Okay the internet was being dumb, but I finally got a picture of her uploaded.

Here she is in her crate on the ride home. She even smiled for the camera!:


----------



## mysugarbears (Aug 13, 2007)

Pepsi is a little doll!:wub: Thank your for opening your heart to this sweet girl. I think your doing a great job with her and it will take time. Others will chime in that are more experienced and i would pm (JMM) Jackie, she has alot of knowledge about training dogs and i think she will steer you in the right direction.


----------



## mary-anderson (Jan 12, 2010)

What a doll baby you have.:wub: Once again bless you for giving her a loving home...As Debbie stated Jackie (JMM) has a lot of knowledge and will give you the very best advice you can get.:thumbsup:


----------



## michellerobison (Dec 17, 2009)

Aww ,she's a doll,can't wait for more piccies in teh future...she's going to have the best Christmas ever!


----------



## Furbaby's Mommie (Jul 10, 2004)

Any idea how old she is? Looks like she has cataracts, so walking around in a new area would be hard for her. How are her teeth? That is usually a problem with older rescues. She may need soft food.

Take everything slow. It will take her a long while to get comfortable in a new place. I would keep her in a small ex-pen in a kitchen area when you can't watch her--like you would a puppy, and take her out, or to a pad often and say "go potty", until she gets the idea.

Bless you for taking her into your life.:thumbsup:


----------



## Snowbody (Jan 3, 2009)

Aw, Pepsi looks so sweet. :wub:As everyone said, Jackie (JMM) is awesome. You might also see some old posts here about newly adopted rescue dogs. Just go to the search word on the black banner above.
Just my own 2 cents. Slow and easy wins the race. It will all take time - imagine if you woke up and were on another planet. She needs to feel out you, her surroundings, food, everything. Just give her lots of gentle love. My tyler wouldn't take treats from my hand for months. I would just put in on the floor and he'd take it. Now he accepts them from my hand. I think the pen and wee wee pads will help and as she gets used to going on the pad you can pick some up so it's a smaller area if you want her to use pee pads like I do. I'm so thankful for them in this brutal weather.We go out for walks and play and he also uses the great outdoors as his toilet but mainly we rely on wee wee pads Lots of rewarding. And mine doesn't like me to see him poo either, so if Pepsi's in a gated area and you're not watching she should do it. Not sure about her eyes from the photo - might be cataracts or might just be the flash. What kind of rundown has your vet given you for her?
Thanks again for getting Pepsi and sharing her with us.


----------



## missiek (Jan 2, 2010)

What a sweetie she is! I am so glad you are making progress so quickly! I know it seems slow but from what I have seen/heard that is very good progress!!! Keep up the good work with her!


----------



## spookiesmom (Mar 28, 2010)

Put lots of happy in your voice with her, excited tones! When you hold her, treat her, SUCH a GOOD girl!!!!!

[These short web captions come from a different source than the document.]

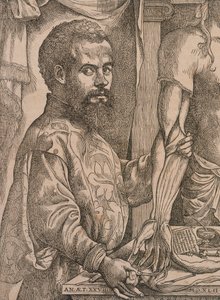 Andreas Vesalius diseccionando los músculos del antebrazo de un cadáver, 1543 de Steven van Calcar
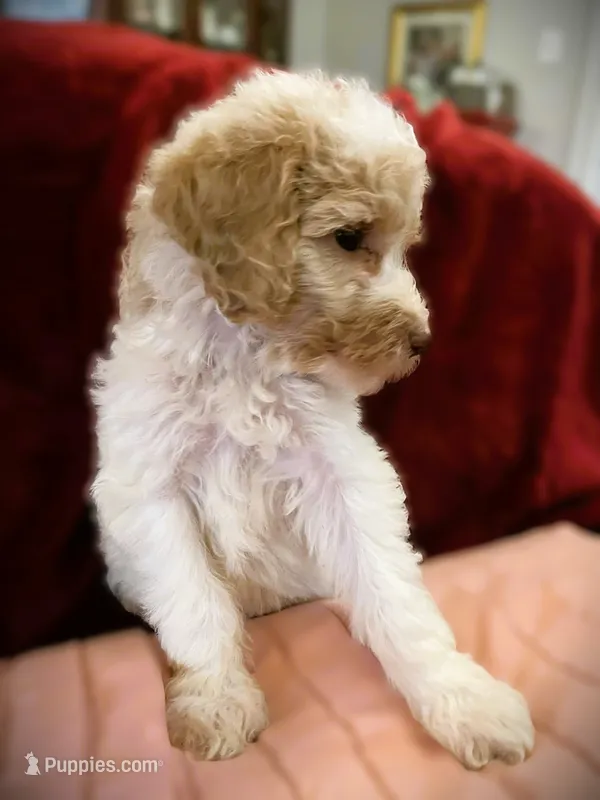  Lavish  – Poodle - Standard  puppy for sale in Maxton, NC
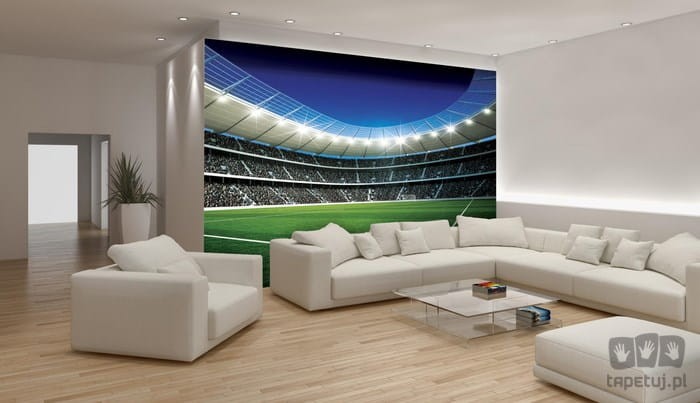 Fototapeta  STADION 324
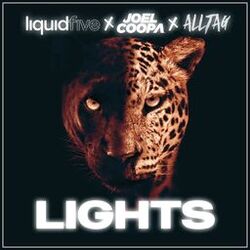 Cover of Lights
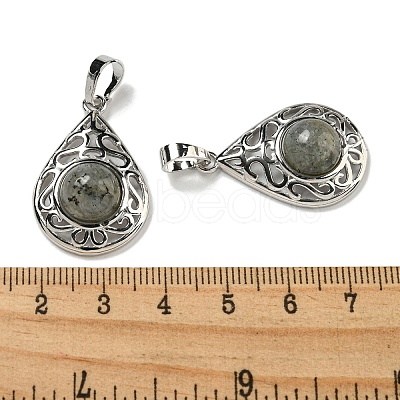 Natural Labradorite Pendants G-Q158-05P-30-1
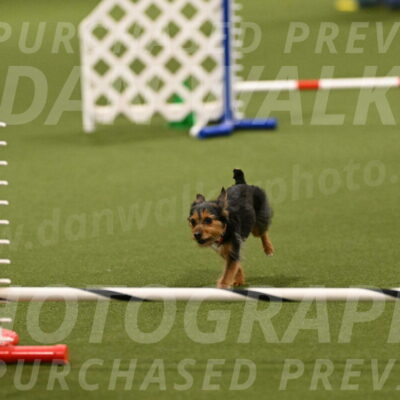 Kash-Kayla-Mickey-10597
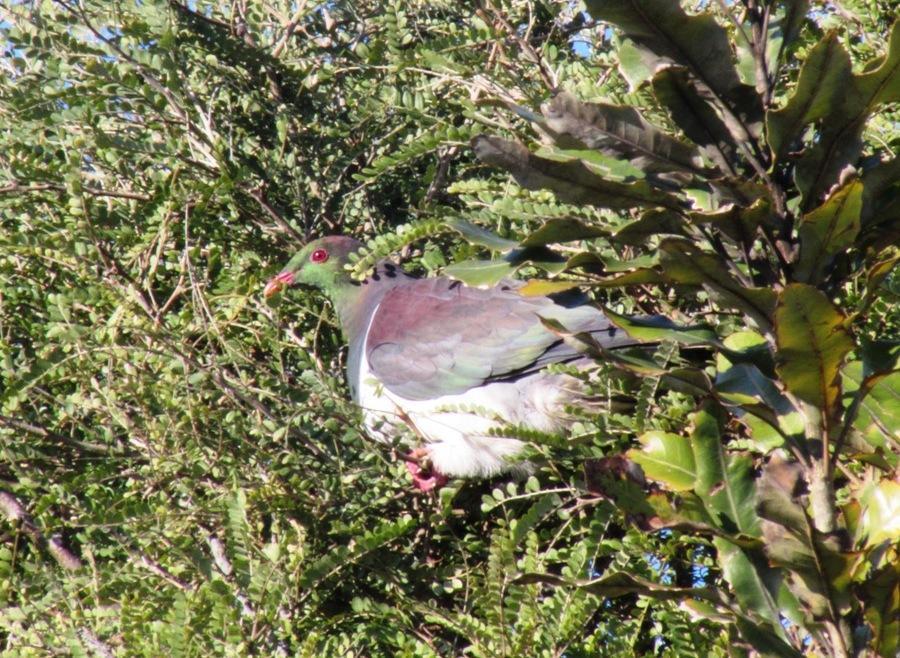 Birdsong Accommodation הוקיטיקה מראה חיצוני תמונה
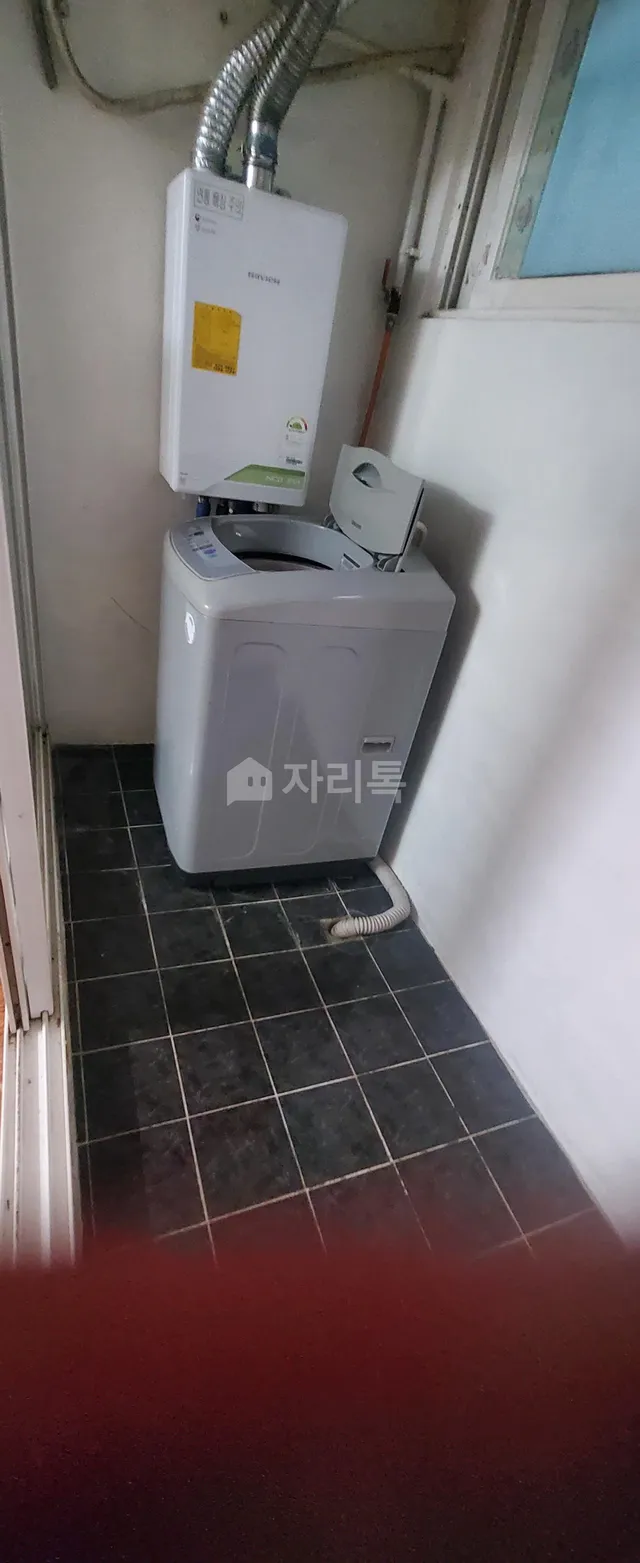 경북 포항시 북구 죽도동 656-24 사진 3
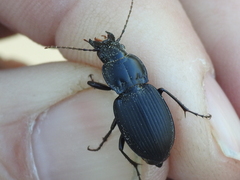 Cyclotrachelus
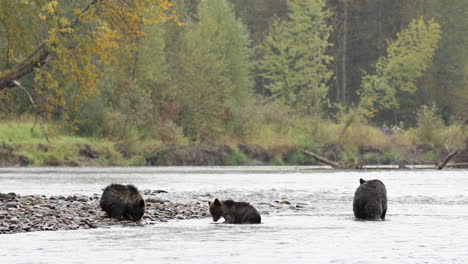 tres osos grizzly nadando y pescando en el río en el gran bosque lluvioso de osos en columbia británica, canadá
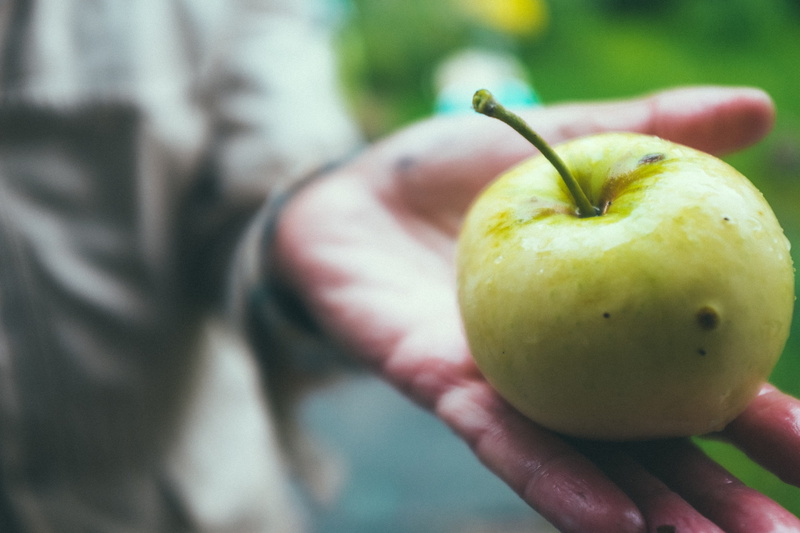day, freshness, picking, farm, background, fruit, fresh, food, apple, close-up, human hand, vegetarian, organic, healthy, natural, diet, bright, focus on foreground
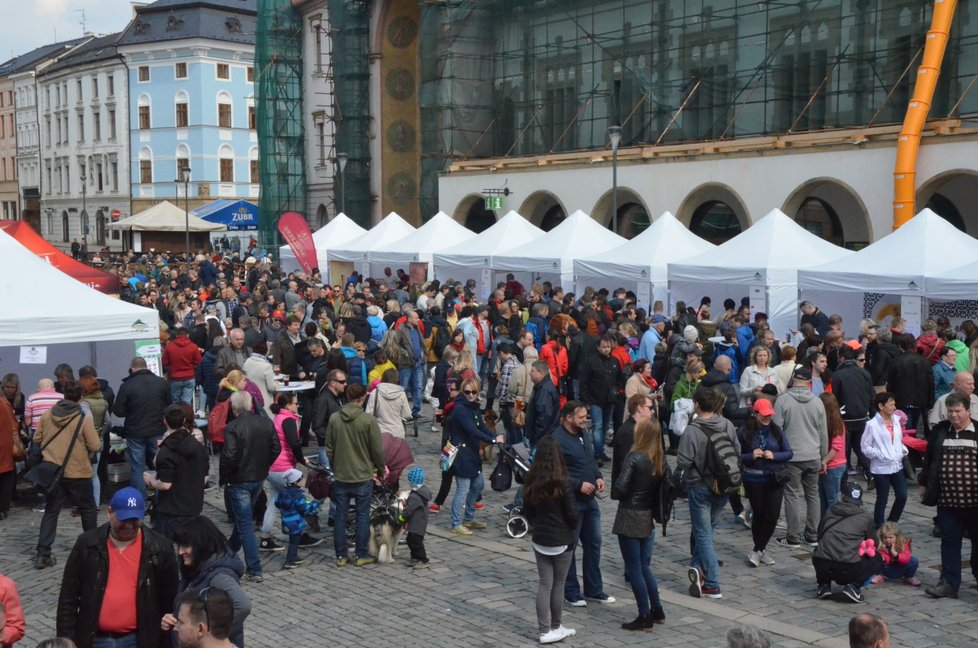 O olomoucký tvarůžkový festival by velký zájem. Do centra hanácké metropole přišly davy lidí.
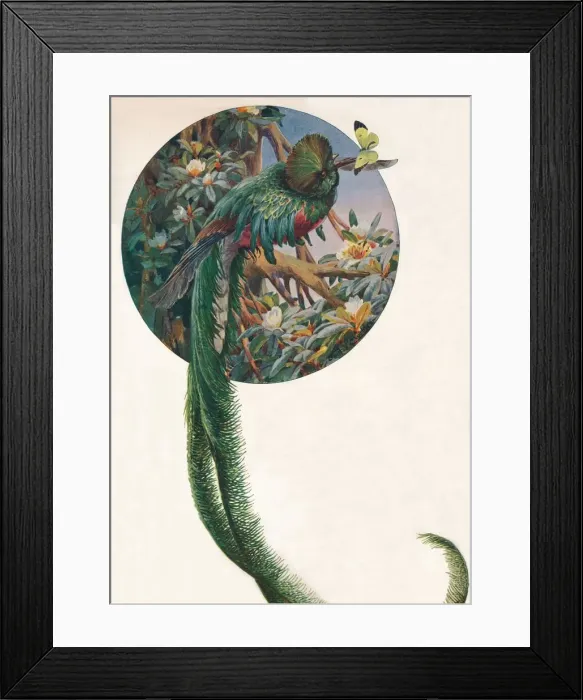 Framed Print : Long-tailed Trogons, c1910, (1911). Artist: Louis Fairfax Muckley Framed Print : Long-tailed Trogons, c1910, (1911). Artist: Louis Fairfax Muckley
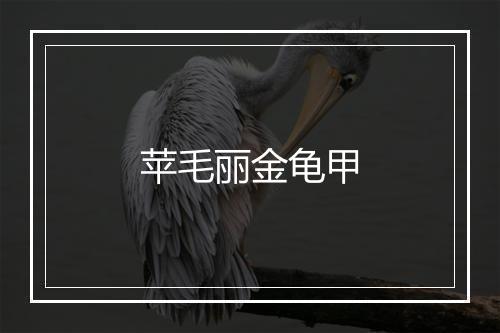 苹毛丽金龟甲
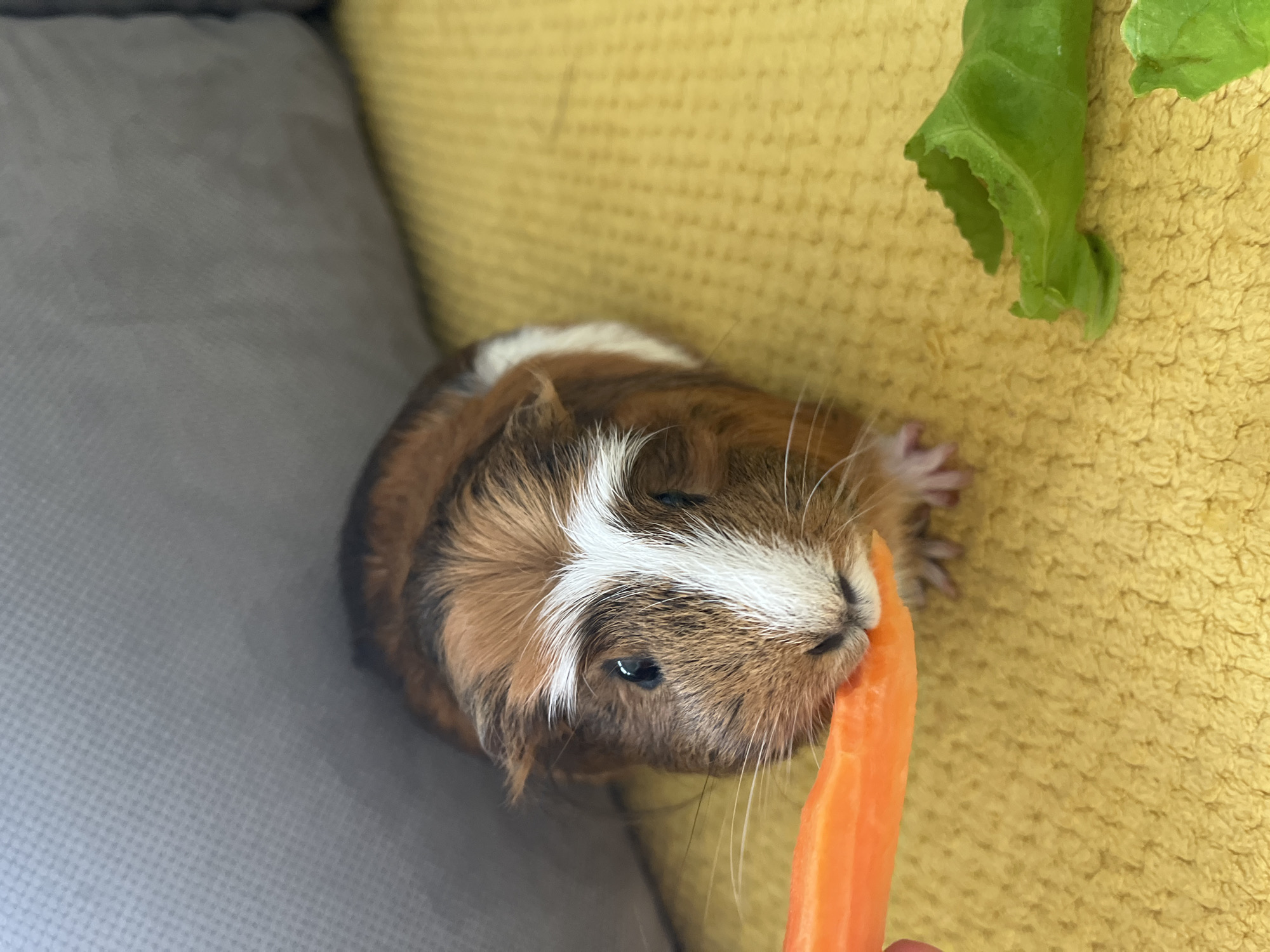 A top-down, slightly angled close-up shot features a guinea pig with tri-colored fur—brown, white, and darker brown patches. A prominent white stripe runs down its forehead to its snout, which is actively engaged with a bright orange carrot. The guinea pig's small, dark eye is visible, and its whiskers are clearly defined.
The carrot is held by an unseen hand, with only a small portion of a finger or thumb barely visible at the very bottom of the frame, indicating human interaction. In the upper right corner, a piece of green leafy vegetable, possibly lettuce or kale, is visible, resting on the yellow background.
The guinea pig rests on two distinct textured surfaces: a soft, grey fabric, possibly upholstery, on the left side of the frame, and a bright, woven yellow fabric, resembling a blanket or towel, covering the right side and background. The scene depicts a domestic pet enjoying a treat, conveying a sense of contentment or eagerness to eat. No text is visible in the image.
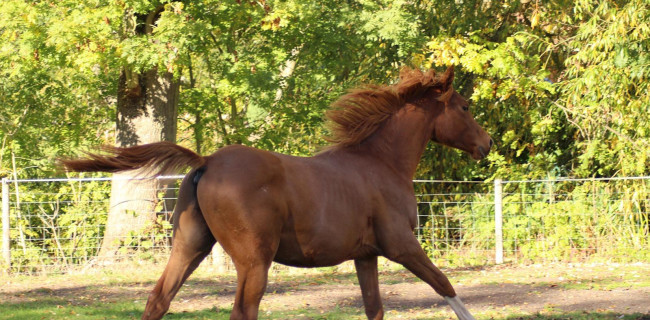 groen equestrian performance stud araghnid akhdhar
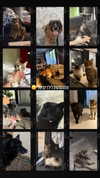 karin_orhov Altpins Profile Picture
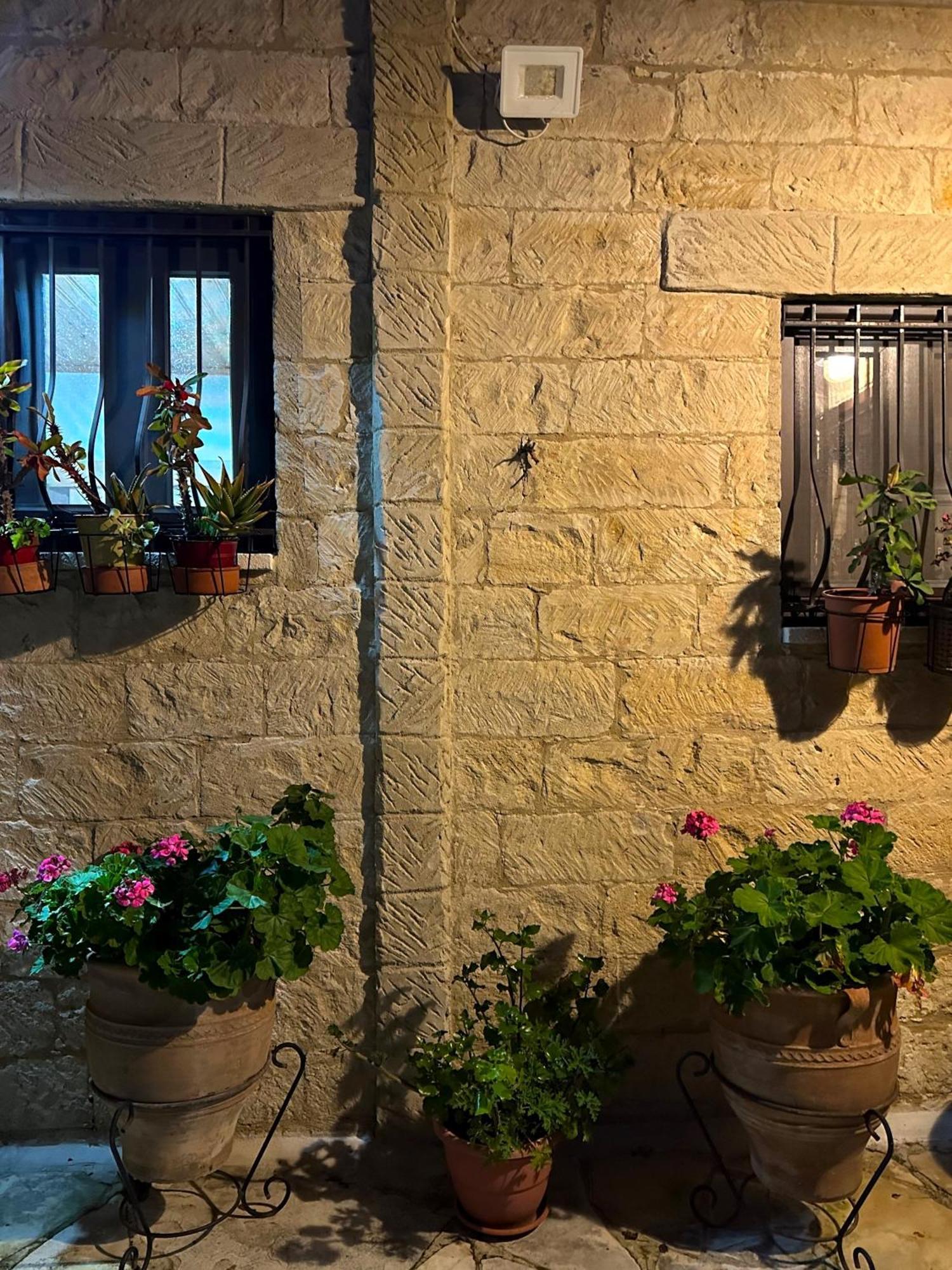 Cosy Piano Village In Holiday home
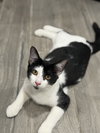 Tala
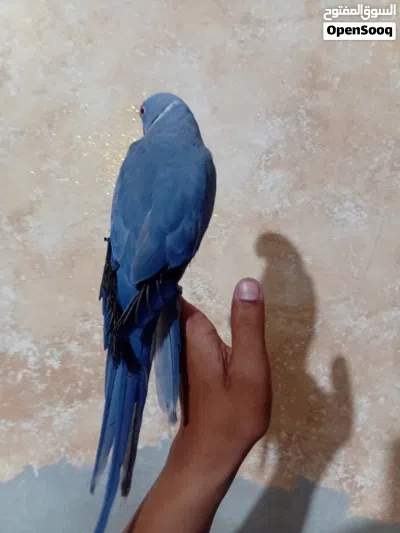 فحل دره ازرق فاله ابو فراخ شغال بخربط حكي ويسفر بطلع اصوات لعوب ريش كامل ذيل كامل محجل اليف بالصلاه 4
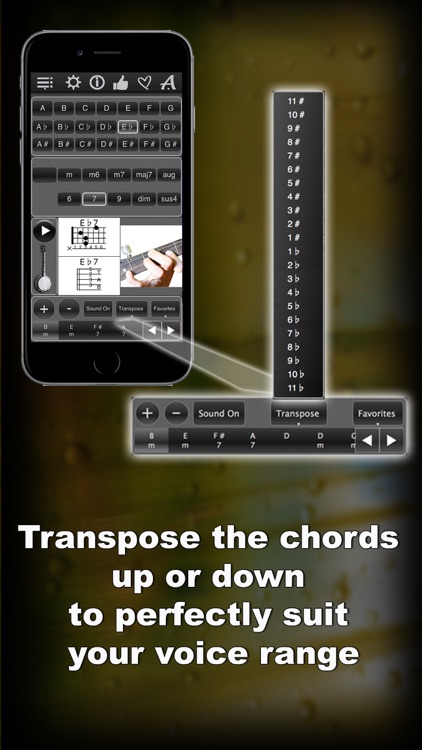 120 Banjo Chords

When you snuggle, easy low tones, kisses and pets.

When she even comes close to doing what you want, happy happy.

It takes time for them to learn to trust, my min poodle took about a year after we got him from rescue.


----------



## maltlovereileen (Jan 19, 2009)

jessla said:


> I just wanted to start a thread to write about the progress with my maltese Pepsi (I'll post up a few pictures soon). Maybe all of you who are more experienced can give me feedback.
> 
> When I first got her, she didn't seem to understand a leash at all. But we've made some progress. I still carry her outside like a baby. My idea was to leave some boiled chicken on the front steps (thanks for the treat idea!) so that she'll see being outside as a positive thing. She still won't take the treat from my hand, only lick it. But she'll eat it from the steps.
> 
> ...


She is just darling!!!!

I think it sounds like EXCELLENT progress... some of what you are describing just sounds like she's still a little scared/shy (which is normal). She's cuddling with you and following you around which is a HUGE show of trust...it will only get better and better. She's not used to being out and about and it's all new for her...that and having a human actually treating her well. Coming from a puppymill, she probably had to do her business in her crate so this is also new for her. Was she with a foster family for very long before you adopted her? If so, maybe you could ask what they did to encourage her to go... and maybe try getting some of that puppy peepee incentive spray and spraying it on her potty pad. 

You are such a HERO to me for helping this little one - she will love you like no other - just you wait!!!!!


----------